Nayi (also known as "Nao") is an Omotic language of the Afro-Asiatic language family spoken in western Ethiopia.  
Most of the speakers of the language live in two separated areas. The largest grouping live in Decha woreda of the Keffa Zone. The nearest city to their region is Bonga. A few in Dulkuma village of the Shoa Bench woreda, some in Sheko woreda having moved there in 1976-1977 as a result of conflicts between local feudal lords and the military government (Aklilu 2002:4). In Decha, young people no longer speak the language.
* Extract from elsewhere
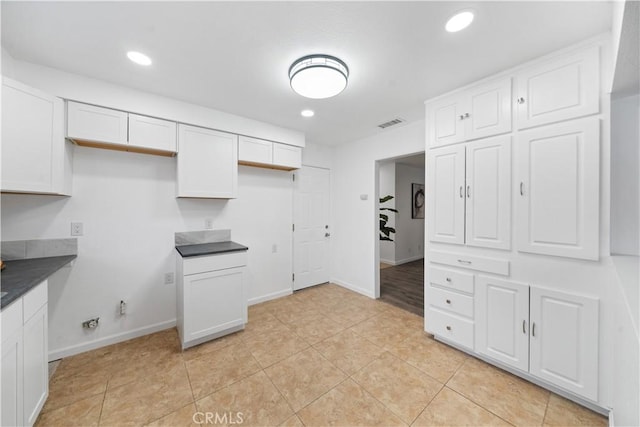 kitchen featuring white cabinetry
The language is notable for its retroflex consonants (Aklilu Yilma 1988), a striking feature shared with closely related Dizi, Sheko and nearby (but not closely related) Bench.  The language has 5 vowels that can be long or short.  The question of the status of a short mid central vowel is still unresolved. There are three phonemic tones and syllabic nasal consonants. There are ejective stops and affricates, but no implosives (Aklilu 2002:6,7).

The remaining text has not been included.